(Bloomberg) -- Goldman Sachs Group Inc. is in pole position to purchase a portfolio of around €450 million ($497 million) of loans from Spanish bank Bankinter SA, according to people with knowledge of the matter.
The US bank is poised to win a competitive process that has lasted months, and is expected to close the deal in the coming weeks, said the people, asking not to be named on private talks. The discussions are ongoing and Bankinter can still decide not to pursue the deal or select another investor, they added.
A Bankinter spokesperson said the process is continuing and that it’s “open for everyone and there is nothing decided.” Representatives from Goldman Sachs declined to comment.
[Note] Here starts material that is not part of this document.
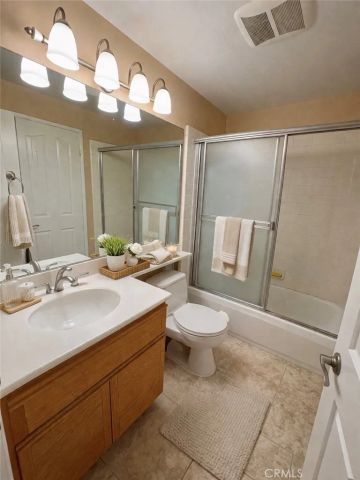 8215 E White Oak 77, Orange, CA 92869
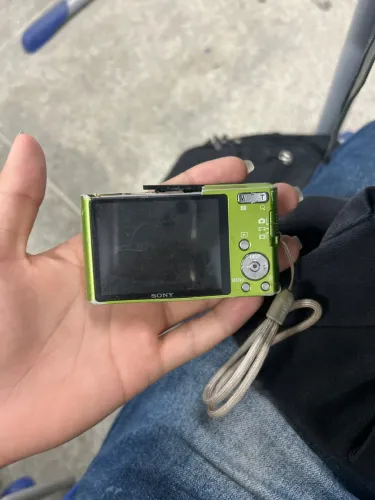 Vende-se câmera cyber-shot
Spanish banks are seeking to shed billions in loans after higher interest rates took a toll on the economy and risked more defaults from borrowers. CaixaBank SA sold a portfolio to alternative asset manager Apollo Global Management Inc. earlier this year.
The Bankinter transaction is part of its plan to keep a “minimal default ratio strategy,” which is a “top priority this year,” the Madrid-based lender said in a marketing document about the transaction seen by Bloomberg News. The portfolio contains loans to 50,000 former credit card holders, according to this document.
Bankinter’s non-performing ratio rose to 2.2% in the second quarter from 2.1% in 2023. For its Spanish business, this ratio stood at 2.5%, still lower than its peers. Bank of Spain announced a non-performing loan ratio of 3.4% by June for the whole system.